[Scraped caption text data]
◇ ◇ ◇ ◇ ◇ ◇ ◇
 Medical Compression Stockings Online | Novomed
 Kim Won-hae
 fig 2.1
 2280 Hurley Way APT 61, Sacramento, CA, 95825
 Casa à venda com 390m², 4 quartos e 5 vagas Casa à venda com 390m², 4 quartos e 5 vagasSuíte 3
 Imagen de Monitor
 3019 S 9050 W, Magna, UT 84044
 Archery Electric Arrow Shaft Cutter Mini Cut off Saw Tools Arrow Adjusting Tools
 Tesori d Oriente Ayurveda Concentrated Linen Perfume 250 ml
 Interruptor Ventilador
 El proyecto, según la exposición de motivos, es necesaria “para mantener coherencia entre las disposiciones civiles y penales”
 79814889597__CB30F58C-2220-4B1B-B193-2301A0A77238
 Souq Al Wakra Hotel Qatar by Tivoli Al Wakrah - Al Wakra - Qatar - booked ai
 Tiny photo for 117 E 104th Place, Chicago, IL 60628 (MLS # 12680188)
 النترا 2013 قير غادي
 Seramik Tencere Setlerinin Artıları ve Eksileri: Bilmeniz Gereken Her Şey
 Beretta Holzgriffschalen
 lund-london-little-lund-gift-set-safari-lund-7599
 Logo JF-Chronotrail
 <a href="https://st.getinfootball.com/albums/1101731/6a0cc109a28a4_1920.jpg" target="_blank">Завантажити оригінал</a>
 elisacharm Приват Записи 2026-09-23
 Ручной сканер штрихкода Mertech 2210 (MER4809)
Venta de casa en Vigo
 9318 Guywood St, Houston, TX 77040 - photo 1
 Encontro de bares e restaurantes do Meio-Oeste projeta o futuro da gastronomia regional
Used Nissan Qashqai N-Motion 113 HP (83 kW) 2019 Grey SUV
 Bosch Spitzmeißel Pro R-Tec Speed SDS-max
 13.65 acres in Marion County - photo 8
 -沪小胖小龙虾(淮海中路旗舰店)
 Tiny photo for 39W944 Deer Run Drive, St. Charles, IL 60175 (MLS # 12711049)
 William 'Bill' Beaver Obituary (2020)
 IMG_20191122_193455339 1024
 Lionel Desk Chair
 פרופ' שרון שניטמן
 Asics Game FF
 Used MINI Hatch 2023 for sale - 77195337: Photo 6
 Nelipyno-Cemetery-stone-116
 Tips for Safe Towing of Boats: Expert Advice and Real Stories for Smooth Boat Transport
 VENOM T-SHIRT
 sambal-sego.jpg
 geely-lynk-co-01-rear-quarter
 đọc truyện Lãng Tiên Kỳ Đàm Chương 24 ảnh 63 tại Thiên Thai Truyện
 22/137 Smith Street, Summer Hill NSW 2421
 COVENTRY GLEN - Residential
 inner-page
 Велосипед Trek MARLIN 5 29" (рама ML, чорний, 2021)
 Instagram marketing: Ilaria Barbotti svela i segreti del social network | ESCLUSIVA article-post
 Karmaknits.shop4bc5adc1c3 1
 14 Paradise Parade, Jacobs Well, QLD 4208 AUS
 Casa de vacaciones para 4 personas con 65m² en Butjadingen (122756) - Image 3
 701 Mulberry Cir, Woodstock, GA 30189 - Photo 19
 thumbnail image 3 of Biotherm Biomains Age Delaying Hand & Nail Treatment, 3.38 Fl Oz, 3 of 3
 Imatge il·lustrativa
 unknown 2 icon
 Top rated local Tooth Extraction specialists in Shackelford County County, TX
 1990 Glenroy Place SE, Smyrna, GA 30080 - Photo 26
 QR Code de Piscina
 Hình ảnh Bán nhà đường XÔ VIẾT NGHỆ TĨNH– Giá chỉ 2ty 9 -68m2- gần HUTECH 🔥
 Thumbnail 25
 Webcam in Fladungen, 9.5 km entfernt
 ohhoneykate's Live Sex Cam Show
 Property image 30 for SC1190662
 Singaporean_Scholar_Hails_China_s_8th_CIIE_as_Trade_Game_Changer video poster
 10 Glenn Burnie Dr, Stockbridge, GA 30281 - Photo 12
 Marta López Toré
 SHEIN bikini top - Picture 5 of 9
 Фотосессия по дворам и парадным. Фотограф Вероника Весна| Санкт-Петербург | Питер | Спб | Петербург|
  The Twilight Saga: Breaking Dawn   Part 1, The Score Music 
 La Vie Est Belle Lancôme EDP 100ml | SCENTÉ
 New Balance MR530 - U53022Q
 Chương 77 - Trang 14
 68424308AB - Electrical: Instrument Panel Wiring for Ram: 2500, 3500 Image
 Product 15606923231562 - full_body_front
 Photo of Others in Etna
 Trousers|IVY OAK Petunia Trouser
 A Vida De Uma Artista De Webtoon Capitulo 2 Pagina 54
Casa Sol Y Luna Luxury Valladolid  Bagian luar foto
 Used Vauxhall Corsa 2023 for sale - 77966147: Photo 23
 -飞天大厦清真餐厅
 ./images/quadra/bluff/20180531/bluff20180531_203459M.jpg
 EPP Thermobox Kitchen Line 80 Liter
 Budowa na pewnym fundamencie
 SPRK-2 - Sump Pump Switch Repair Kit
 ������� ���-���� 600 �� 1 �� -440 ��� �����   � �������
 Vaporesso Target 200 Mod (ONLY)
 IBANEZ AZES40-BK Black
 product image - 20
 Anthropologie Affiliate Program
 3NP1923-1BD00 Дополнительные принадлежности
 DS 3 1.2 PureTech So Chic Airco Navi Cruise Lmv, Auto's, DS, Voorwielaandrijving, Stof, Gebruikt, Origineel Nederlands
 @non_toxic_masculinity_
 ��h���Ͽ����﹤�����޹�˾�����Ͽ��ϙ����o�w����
◇ ◇ ◇ ◇ ◇ ◇ ◇
→ WHAT YOU HAVE TO DO: Your answer must be the lines above from the one containing "QR Code de Piscina" to the one containing "Property image 30 for SC1190662", both included, restated word for word.

→ TASK RESPONSE:
 QR Code de Piscina
 Hình ảnh Bán nhà đường XÔ VIẾT NGHỆ TĨNH– Giá chỉ 2ty 9 -68m2- gần HUTECH 🔥
 Thumbnail 25
 Webcam in Fladungen, 9.5 km entfernt
 ohhoneykate's Live Sex Cam Show
 Property image 30 for SC1190662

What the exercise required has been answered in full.